Alles begon met de voordrachtlessen op woensdagmiddag, waar je teksten van Louis Paul Boon mocht brengen. Je vond het heerlijk, zei je eerder al. Wat was er zo heerlijk aan?
De Schryver: In mijn jonge jaren was ik heel erg op zoek naar bevestiging. Ik wilde gezien worden. Ik was altijd timide en ingetogen, ik was zeker niet de grootste babbelaar en hield mezelf altijd wat op de achtergrond. Maar op het podium voelde ik opeens een heel andere energie, ik kon een momentum creëren tussen mij en het publiek, en dat was magisch.
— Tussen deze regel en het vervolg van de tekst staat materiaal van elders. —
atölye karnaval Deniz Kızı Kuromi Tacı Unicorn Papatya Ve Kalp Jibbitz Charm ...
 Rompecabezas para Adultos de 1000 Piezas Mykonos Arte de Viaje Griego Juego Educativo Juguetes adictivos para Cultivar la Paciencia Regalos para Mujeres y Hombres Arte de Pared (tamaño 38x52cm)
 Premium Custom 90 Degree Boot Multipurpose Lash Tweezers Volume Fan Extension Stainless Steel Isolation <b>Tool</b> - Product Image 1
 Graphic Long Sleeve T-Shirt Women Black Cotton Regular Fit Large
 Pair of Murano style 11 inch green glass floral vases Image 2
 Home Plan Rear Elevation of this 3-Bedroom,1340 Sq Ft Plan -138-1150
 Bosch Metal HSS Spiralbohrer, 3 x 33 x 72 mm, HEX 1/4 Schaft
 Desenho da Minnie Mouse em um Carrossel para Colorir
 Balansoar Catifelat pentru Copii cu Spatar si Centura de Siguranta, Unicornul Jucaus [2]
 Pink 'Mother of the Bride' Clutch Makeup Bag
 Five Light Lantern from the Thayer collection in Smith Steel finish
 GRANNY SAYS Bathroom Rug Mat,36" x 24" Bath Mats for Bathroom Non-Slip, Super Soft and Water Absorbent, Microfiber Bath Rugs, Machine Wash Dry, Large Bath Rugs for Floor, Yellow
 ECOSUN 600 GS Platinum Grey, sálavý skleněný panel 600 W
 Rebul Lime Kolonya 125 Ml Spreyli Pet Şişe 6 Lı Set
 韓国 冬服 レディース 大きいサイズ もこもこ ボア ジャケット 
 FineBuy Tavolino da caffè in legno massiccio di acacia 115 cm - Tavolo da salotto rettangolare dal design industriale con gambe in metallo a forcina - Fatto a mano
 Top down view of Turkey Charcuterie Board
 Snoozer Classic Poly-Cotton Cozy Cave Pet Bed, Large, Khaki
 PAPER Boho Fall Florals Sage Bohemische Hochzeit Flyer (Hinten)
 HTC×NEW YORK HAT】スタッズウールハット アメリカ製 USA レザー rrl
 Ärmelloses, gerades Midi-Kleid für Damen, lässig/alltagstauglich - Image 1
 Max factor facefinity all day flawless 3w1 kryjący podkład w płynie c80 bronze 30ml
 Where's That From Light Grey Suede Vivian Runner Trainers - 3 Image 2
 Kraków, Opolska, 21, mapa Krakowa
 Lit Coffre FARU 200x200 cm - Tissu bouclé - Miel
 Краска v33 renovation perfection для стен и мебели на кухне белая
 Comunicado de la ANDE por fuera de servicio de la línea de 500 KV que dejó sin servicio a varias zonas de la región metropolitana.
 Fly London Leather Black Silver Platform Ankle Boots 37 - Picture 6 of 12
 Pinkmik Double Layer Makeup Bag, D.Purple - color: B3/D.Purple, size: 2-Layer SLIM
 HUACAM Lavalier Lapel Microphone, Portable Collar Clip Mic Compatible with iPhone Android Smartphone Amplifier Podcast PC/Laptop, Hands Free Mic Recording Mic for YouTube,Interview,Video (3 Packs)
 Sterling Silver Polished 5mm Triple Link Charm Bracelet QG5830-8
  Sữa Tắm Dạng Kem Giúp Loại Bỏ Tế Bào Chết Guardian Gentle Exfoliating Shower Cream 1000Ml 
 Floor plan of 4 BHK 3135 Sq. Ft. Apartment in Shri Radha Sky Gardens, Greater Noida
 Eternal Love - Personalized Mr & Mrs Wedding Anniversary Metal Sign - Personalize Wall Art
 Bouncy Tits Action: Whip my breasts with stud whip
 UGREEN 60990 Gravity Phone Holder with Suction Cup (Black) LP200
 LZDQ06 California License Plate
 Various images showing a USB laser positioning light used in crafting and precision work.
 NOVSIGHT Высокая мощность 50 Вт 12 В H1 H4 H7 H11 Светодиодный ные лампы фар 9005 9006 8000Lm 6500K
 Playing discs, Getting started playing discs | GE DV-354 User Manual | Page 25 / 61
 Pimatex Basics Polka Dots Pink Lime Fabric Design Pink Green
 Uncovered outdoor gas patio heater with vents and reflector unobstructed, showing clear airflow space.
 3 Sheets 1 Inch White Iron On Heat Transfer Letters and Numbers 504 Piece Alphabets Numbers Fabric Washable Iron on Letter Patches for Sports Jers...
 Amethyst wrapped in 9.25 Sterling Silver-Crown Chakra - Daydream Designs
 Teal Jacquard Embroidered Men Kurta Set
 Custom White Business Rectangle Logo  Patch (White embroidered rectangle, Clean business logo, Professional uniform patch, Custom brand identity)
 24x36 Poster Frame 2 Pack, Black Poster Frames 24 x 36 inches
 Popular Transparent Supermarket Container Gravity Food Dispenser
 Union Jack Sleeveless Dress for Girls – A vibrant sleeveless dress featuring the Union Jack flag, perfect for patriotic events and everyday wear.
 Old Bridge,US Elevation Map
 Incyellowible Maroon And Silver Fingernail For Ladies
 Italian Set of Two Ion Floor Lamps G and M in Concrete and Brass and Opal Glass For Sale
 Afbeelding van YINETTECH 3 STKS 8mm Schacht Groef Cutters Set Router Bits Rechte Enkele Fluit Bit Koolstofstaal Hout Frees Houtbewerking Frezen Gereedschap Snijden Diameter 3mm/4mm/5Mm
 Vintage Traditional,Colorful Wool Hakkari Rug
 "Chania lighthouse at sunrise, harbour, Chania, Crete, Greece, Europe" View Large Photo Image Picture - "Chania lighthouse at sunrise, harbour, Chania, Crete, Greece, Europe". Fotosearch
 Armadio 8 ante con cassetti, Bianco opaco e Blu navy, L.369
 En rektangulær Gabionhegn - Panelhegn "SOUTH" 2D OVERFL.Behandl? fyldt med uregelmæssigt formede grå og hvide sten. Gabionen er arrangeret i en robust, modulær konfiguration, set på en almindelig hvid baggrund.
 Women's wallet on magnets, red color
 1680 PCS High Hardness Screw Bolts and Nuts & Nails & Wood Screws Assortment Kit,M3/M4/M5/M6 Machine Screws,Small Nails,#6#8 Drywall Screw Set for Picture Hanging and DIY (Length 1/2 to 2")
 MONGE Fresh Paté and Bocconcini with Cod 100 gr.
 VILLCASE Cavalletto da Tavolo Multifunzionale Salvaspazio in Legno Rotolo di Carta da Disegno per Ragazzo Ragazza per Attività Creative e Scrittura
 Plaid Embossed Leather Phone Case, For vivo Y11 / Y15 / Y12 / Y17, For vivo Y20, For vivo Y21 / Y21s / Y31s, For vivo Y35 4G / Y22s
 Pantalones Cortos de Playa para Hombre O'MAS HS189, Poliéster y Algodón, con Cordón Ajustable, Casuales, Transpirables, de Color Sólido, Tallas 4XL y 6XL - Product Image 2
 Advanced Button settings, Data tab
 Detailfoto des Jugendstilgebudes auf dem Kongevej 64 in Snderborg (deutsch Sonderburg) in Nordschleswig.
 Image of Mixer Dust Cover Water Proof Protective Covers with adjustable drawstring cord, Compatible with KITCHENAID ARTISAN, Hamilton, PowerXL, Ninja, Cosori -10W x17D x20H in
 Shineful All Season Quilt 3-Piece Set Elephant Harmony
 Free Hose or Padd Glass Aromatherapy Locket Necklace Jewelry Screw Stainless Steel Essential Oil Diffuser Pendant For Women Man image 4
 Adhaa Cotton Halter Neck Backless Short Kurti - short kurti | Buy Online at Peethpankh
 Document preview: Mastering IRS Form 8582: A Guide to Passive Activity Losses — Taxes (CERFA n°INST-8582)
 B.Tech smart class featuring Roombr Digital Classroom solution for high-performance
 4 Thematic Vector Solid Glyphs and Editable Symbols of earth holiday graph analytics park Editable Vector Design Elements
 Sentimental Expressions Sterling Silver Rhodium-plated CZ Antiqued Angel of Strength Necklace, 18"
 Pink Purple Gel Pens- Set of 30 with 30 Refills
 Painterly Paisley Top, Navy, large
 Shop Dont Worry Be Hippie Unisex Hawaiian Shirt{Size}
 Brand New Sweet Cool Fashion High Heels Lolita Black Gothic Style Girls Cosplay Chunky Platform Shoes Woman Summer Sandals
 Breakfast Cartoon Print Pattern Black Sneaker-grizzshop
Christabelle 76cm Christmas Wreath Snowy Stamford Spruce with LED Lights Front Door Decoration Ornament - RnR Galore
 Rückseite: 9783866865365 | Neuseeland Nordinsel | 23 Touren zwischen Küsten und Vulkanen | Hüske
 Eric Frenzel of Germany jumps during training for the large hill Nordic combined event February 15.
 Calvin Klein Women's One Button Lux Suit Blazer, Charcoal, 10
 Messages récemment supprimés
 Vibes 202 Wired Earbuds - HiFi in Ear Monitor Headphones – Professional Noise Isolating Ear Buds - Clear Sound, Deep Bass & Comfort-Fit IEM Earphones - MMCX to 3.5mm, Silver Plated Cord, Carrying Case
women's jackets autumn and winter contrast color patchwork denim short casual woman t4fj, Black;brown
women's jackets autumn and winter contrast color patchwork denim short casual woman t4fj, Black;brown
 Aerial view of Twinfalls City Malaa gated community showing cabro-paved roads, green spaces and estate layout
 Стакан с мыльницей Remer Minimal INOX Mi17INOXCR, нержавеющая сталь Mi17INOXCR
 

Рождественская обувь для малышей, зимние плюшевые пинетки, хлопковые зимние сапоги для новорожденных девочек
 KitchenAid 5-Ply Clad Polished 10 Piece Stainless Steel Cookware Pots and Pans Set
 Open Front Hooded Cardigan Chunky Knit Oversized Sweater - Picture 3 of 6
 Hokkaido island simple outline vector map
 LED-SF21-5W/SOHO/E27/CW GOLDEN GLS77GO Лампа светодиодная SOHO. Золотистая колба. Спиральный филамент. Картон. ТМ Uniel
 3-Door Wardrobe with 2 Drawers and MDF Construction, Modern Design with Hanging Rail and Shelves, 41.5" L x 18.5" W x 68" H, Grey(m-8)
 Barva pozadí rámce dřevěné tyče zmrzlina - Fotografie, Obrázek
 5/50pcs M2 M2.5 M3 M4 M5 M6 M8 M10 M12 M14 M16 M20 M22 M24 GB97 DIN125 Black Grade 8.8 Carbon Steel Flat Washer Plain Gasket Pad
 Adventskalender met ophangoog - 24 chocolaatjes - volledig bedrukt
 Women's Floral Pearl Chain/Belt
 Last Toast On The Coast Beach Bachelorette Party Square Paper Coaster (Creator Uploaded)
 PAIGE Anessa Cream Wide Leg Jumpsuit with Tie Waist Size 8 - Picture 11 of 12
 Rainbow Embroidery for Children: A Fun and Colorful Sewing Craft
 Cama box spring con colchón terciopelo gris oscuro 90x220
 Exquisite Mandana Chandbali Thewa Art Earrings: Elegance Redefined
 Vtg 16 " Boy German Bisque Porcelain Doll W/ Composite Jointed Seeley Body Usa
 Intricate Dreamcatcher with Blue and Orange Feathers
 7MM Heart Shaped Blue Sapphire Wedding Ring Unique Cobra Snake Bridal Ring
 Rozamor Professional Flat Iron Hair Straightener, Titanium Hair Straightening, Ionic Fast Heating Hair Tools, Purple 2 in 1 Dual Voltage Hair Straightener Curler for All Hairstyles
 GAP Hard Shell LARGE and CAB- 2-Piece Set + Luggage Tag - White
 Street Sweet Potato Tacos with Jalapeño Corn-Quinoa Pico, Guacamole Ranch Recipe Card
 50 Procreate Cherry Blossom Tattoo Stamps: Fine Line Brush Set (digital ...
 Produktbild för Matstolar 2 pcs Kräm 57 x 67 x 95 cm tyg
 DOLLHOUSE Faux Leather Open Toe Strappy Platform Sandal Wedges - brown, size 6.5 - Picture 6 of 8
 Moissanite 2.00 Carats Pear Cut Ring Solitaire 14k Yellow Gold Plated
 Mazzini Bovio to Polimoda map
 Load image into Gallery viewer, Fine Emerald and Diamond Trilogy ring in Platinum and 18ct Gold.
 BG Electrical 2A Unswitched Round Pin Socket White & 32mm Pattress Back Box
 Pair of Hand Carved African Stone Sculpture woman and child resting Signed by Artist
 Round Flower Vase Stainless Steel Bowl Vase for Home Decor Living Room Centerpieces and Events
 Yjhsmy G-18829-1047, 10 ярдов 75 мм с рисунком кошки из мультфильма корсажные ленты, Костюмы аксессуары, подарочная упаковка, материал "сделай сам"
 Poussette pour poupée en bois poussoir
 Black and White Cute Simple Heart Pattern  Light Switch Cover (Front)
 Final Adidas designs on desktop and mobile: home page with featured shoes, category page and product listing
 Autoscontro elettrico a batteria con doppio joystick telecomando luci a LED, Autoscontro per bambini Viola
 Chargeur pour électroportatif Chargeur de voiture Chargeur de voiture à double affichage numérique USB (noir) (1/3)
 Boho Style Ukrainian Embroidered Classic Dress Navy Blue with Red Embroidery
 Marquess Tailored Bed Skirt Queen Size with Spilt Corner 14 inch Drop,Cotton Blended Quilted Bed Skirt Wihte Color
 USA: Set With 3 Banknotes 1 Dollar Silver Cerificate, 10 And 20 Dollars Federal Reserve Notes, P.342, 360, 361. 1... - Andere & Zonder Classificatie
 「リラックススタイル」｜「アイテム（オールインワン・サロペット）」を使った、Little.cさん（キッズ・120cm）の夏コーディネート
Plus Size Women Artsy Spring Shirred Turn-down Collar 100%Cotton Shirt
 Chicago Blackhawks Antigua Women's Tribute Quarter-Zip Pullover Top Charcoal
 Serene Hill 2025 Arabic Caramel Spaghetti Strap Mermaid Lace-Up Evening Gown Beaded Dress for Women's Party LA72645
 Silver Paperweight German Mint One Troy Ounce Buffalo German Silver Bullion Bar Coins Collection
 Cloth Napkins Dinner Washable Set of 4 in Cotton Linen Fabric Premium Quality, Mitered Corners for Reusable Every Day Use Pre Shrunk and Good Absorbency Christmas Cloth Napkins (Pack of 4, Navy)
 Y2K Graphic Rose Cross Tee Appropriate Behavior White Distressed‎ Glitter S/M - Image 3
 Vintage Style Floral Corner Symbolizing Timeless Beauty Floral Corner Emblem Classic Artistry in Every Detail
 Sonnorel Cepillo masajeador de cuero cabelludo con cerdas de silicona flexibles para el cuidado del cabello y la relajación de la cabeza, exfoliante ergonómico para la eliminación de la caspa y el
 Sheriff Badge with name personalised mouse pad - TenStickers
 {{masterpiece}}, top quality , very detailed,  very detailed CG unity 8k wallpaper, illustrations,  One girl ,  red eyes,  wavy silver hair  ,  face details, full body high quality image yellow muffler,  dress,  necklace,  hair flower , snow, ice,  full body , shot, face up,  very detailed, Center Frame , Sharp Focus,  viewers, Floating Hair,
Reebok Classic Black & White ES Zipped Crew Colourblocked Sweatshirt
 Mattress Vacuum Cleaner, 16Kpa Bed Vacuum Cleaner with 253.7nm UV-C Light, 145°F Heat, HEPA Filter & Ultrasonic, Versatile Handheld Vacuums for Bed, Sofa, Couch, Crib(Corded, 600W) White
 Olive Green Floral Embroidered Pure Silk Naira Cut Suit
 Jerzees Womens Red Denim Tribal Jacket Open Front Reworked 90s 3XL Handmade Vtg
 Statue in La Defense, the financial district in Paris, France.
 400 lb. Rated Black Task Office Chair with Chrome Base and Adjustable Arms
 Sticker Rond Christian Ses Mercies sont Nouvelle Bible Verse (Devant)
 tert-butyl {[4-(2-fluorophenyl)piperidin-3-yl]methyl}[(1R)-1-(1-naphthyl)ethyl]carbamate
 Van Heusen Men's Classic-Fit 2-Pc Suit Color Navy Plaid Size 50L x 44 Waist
Tot dan kon ik mijn stem niet goed laten horen tussen anderen die mondiger waren dan ik, maar hier kreeg ik een platform om een emotie te delen met anderen – of het nu humor was, kwaadheid of verdriet. Bovendien hoefde ik niet in mezelf te graven, ik kon gewoon de teksten van anderen vertolken en zo communiceren met het publiek. Misschien liep ik wat weg van mezelf, denk ik nu, maar ik voelde wel meteen de kracht die vrijkwam door te kunnen verdwijnen in personages.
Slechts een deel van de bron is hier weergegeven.